Besides making a great supper salad, especially, perhaps, in this solstice/new years season, it makes a refreshing breakfast – if you manage to squirrel a bit away – for the morning after. In this way I can have friends over, take pix, eat well, finish up the column tomorrow – the whole thing like a jigsaw puzzle, fitting it into the little pockets of time that this season repatterns.
This isn’t the original Caesar salad but I do believe it’s Craig Claiborne’s, from when he was the food guru at the New York Times. I’ve made it many, many times and once had it served to me in an airport hotel restaurant where the waiter made it tableside. I mean THIS Caesar salad.

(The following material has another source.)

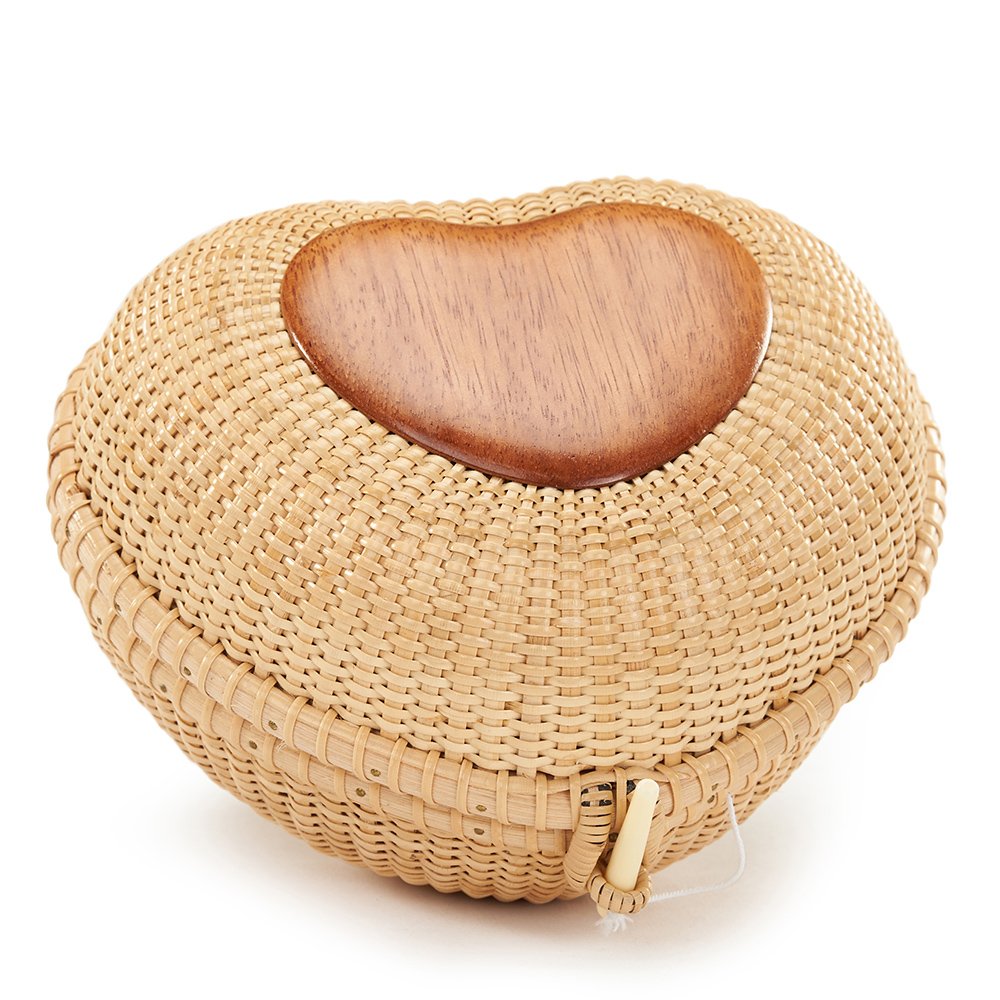 Handwoven Bamboo Jewelry Storage Box - Traditional Chinese Handicraft Basket for Organizing Rings, Earrings & Necklaces | Perfect for Bedroom, Bathroom & Travel Accessories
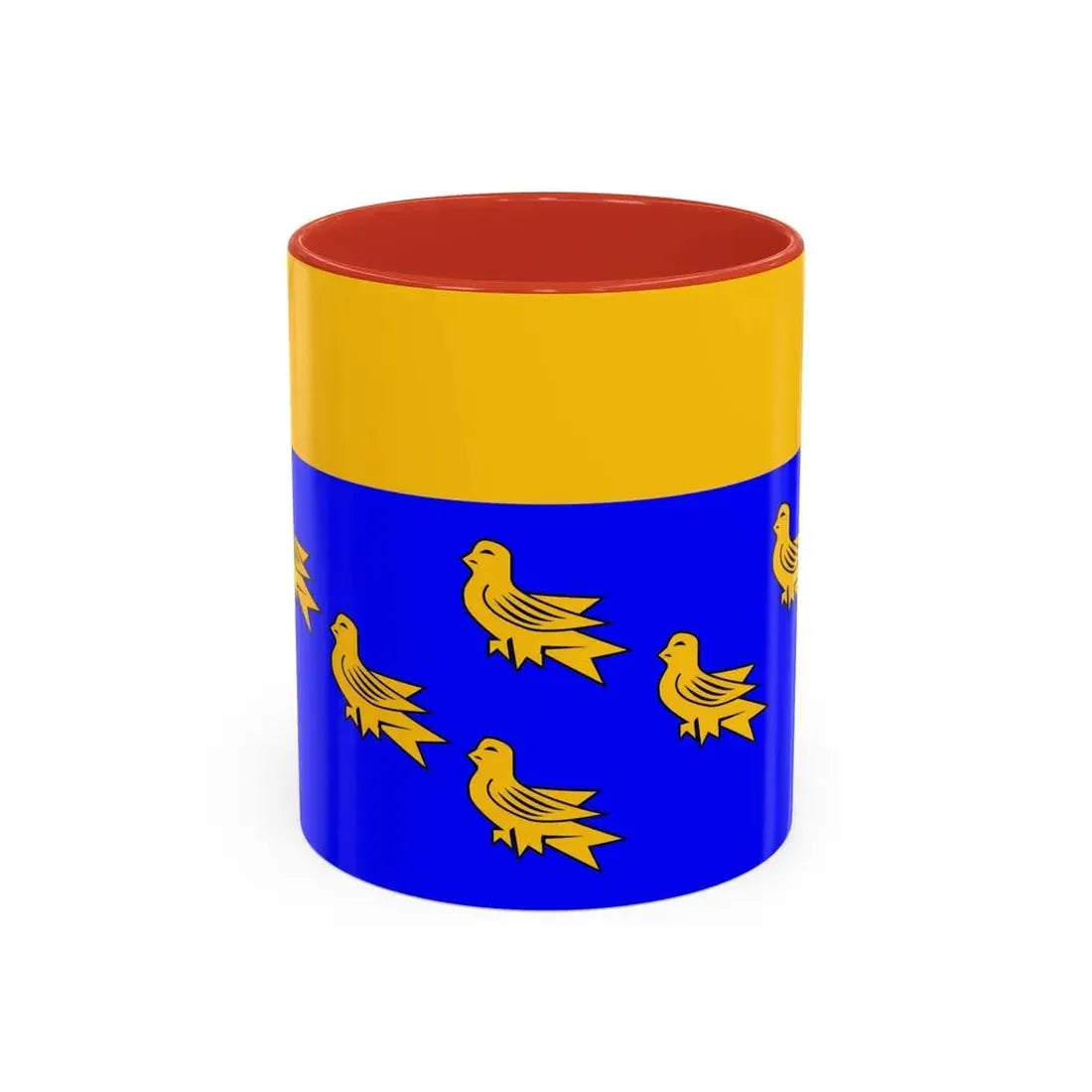 Flag of West Sussex UK - Accent Coffee Mug 11oz Red - Go Mug Yourself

I’ve had lots of others that just don’t measure up.
The recipe, circa 1978, which is also taped (like the corn bread) to my messy cupboard door, reads like this:
Caesar saladThis is the perfect Caesar – yes to anchovies, yes to raw egg, yes to getting your hands into it and tossing, tossing, in the prescribed stages, until every last leaf is a bit limp with its unctuous goodness.
Had this since time began.
- Combine and let steep -
1 clove garlic, smashed, with 1/2 cup olive oil
- Begin to make
2 c. croutons in garlic oil
- Tear
1 or 2 heads romaine lettuce
into a bowl.
- Sprinkle with
1/4 c. grated parmesan
1/4 c. crumbled bleu or Roquefort cheese
- Combine
1/2 c. olive oil
1 T. Worcestershire sauce
3/4 t. salt (?)
3/4 t. freshly grated pepper
drizzle over greens and toss.
-Place
1 raw egg
1/4 c. lemon juice
several anchovies (to taste)
on top and toss until no egg color remains.
- Add and toss
Garlic croutons.
Serve.
If you hate anchovies then don’t make this salad. If it’s only the texture of anchovies – and I dislike the little feathery bones – then chop them finely, or melt them over very low heat in a small frying pan before adding them to the greens. But this salad is nothing without the umphy umami that the anchovies add.

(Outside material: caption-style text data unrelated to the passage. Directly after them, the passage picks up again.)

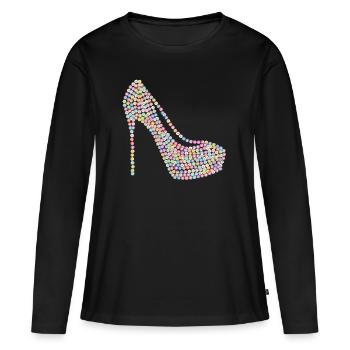 chaussures - T-shirt manches longues Premium bio Femme - noir - Devant - Julia (174cm)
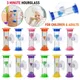 2/3 Minutes Sand Timer Colorful Hourglass Sandglass Sand Clock Timers Sand Timer Shower Timer Tooth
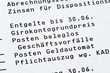 Kontoauszug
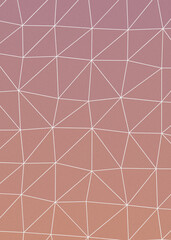 Burgundy color Abstract color Low-Polygones Generative Art background illustration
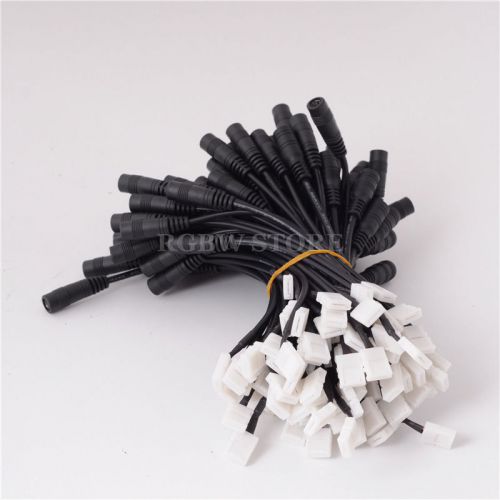 25pcs 10mm 2Pin Connector Cable DC Female Adapter For Single Color 5050 Strip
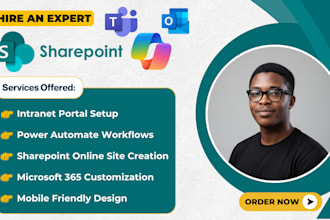 build sharepoint intranet portal sharepoint online microsoft 365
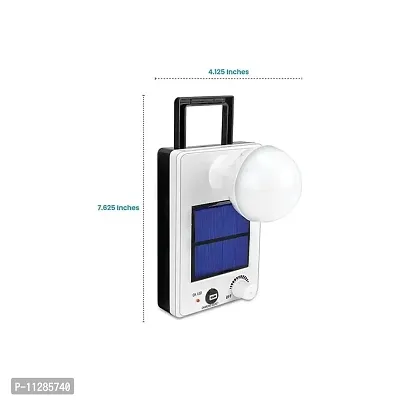 RSCT Rechargeable with Solar Panel 12 Watt Bright White Light LED Bulb and Electric Charging for Emergency-thumb2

If you (sniff) Do. Not. Eat. Raw Eggs, then don’t make this salad, because ditto – if not umami then that egg contributes something just as important. If you buy your eggs, as fresh as yesterday, from a nice local farmer who lets her chickens roam around outside and helps them perch fluffily and huffily on roosts under shelter at night, and even coos to them sometimes below their own clucks, you have little to fear except fear itself.
If you want to be more local, use local spinach for the greens.
The recipe itself is a bit problematic. The olive oil and garlic, for instance, don’t add up. I do it this way., starting an hour or two, or a day or two, before you will serve the salad.
1) Smash a clove or two of garlic and put it with ½ cup olive oil into a 1 cup measure. Add a tablespoon of Worcestershire sauce, a sprinkling of salt and several grinds of black – or white – pepper. (I believe the ¾ teaspoon of salt has a question mark after it for good reason – it might be too much. Add a sprinkling, then wait till the end and taste to see if it needs more.) Set this mixture aside.
2) Make croutons. Cut 4 to 6 slices of – I like Baba Louis white sourdough – bread into ¾ inch cubes and let them sit out for a bit, then coat the bottom of a wide-bottomed frying pan with a skim of olive oil. It should have a bit of depth. Slice a clove or two of garlic thinly and add to the warming olive oil over medium-low heat. When it begins, just barely, to brown, toss the bread cubes into the oil until they’re coated. Watch them very carefully, shaking them and tossing them often so they don’t burn. You want them to get crisp and golden and a little dried out, but not burned. When they’re done – and that might take half an hour – sprinkle with salt, toss, and set them aside.
3) Wash 2 large or 3 small heads of romaine (or spinach), shake it damp, wrap it in a thickness of paper towels, put it into a plastic bag and into the fridge until making time.
Ready to make the salad?
4) Tear the greens into a bowl (which could be rubbed with yet another clove of garlic), sprinkle with at least ¼ cup grated Parm and bleu cheese each, and then the olive oil/Worcester mixture and toss with your hands. The reason for this is that you want each leaf to be almost... massaged with the oil and cheeses. Think sensuous.
5) Break the raw egg over the greens (maybe break it into a dish first. Just in case...), sprinkle the lemon juice over, then the anchovies, and toss and toss, massage, massage, until not a speck of recognizable egg shows. Taste for salt and sprinkle with more if needed. Ditto pepper.
6) Sprinkle the croutons over the greens and toss once again.
Holy Yum!
And have a seriously sentient solstice. See you next year!
1 comment:
Great photos. I would say that an alternative to using regular raw eggs, would be using pasteurized eggs. They eliminate any risk of salmonella and allow you to make any egg recipe without worrying. Especially with these recent egg recalls, one can never be too sure.